Second: You are now on a team that is in charge of Youth Voices. As a teacher registered on the site you have access to everything. You can edit and create anything you want to on the site. We want you to change Youth Voices to fit your needs and the needs of your students. To that end, I have an invitation at the end of the video that I ask you to take seriously. I want you to tell me what you want students to be able to do on Youth Voices.
Now for a quick tour of some of the things ELA teachers have invited their students to do on Youth Voices in connection to Literature.
Let’s start by looking at posts from three different schools.
Orange Cove High School is a rural school in Fresno County in California and many of the students who have been posting on Youth Voices are new to English Language and often post in Spanish. Each Wednesday, they write about the books they are reading and comment on each other’s posts: https://www.youthvoices.live/2020/03/04/la-diferencia-entre-el-amor-y-la-amistad/
Harvest Collegiate High School is on 14th Street in New York City, and its student body reflects the demographics of the city (an unusual accomplishment in New York). This is also an example of a response to a self-chosen book in an independent reading program. In this case, you can see traces of one of the guides the teacher provided for her students. https://www.youthvoices.live/2020/01/02/tracking-characters-in-all-quiet-on-the-western-front/
Here’s the guide: https://www.youthvoices.live/guides/literature/trackingcharacters/ But more about that another time.

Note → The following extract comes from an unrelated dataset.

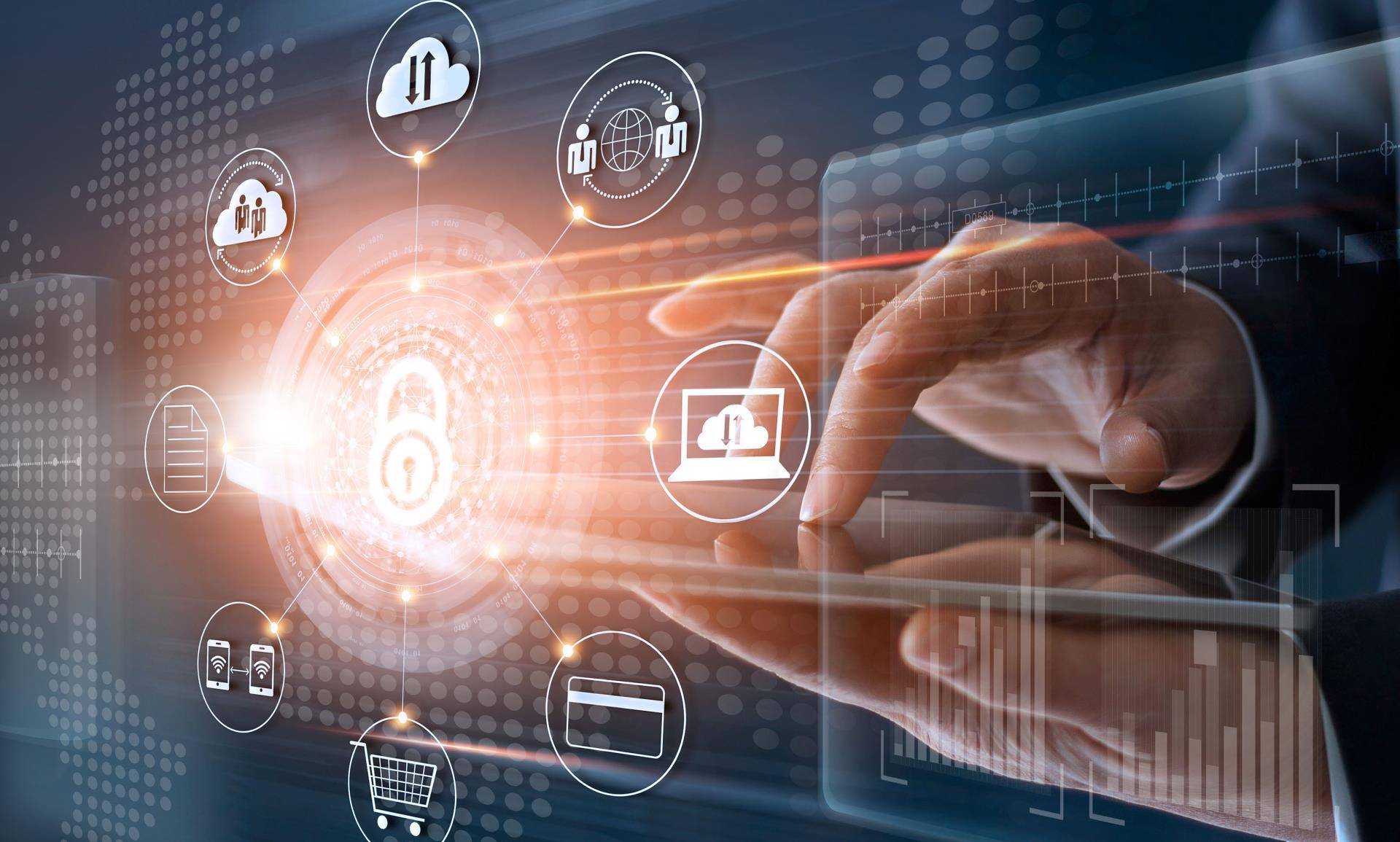 度小滿AI技術賦能實體經濟 構筑金融科技核心競爭力，助力美甲服務行業升級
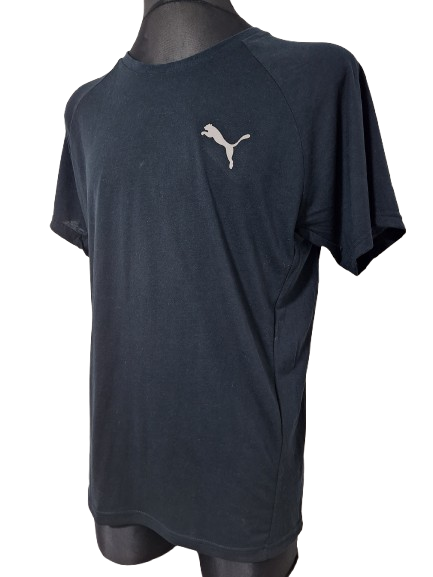 T-SHIRT MĘSKI   PUMA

Okemos High school is a suburban school in a community near Michigan State University. In this case, the novel, Women of the Silk is one resource in a larger inquiry: https://www.youthvoices.live/2019/11/20/years-of-womens-rights/
We chose these three posts to highlight how teachers and students use Youth Voices in different ways, yet all three have comments that begin to connect youth beyond their schools.
Just to re-state, this is only an introduction to Youth Voices. I want these examples to inspire you to think about how you want to use the site. So here’s another:
These were posted by students from the U School using the category given the title of the novel, The Hate You Give — and other students published using this category as well. See this essay by a youth at Okemos High School https://www.youthvoices.live/category/writing-communication/books/the-hate-u-give/
Here’s another example of a set of posts by students at P.U.L.S.E. an alternative high school in the Bronx where they were reading To Kill a Mockingbird: https://www.youthvoices.live/category/writing-communication/books/to-kill-a-mockingbird/
It meant a lot to Oscar to receive some comments from his people in his own school and others from Judge Memorial Catholic High School in Salt Lake City: https://www.youthvoices.live/2019/04/02/being-black/
Here’s a set of posts that analyze Huck Finn:: https://www.youthvoices.live/category/writing-communication/books/huck-finn/
These point-of-view, re-tellings of “Everyday Use” were written by a group of students new to English at ELLIS Preparatory High School in the Bronx: https://www.youthvoices.live/category/writing-communication/point-of-view/eveyday-use/ The comments each student received from their peers are where they did most of the learning about the story.
The 543 posts on the poetry pages are a delightful mix of poems written by youth and literary essays in which youth analyze published poems that they have chosen to study. https://www.youthvoices.live/category/writing-communication/poetry
And there is more, of course, but the point of this introduction is to invite you to imagine how you could use this site to invite your students to grow in their online discourse about literature. What can you imagine students making and writing to post on Youth Voices? How might they connect with students in their own classes, in their schools, with students in schools in this project, and beyond?
So now I would like you to let me know what you are thinking. As I said at the beginning you are in charge of Youth Voices. What do you want your students could do on it? I can’t wait to see how you and your students transform Youth Voices.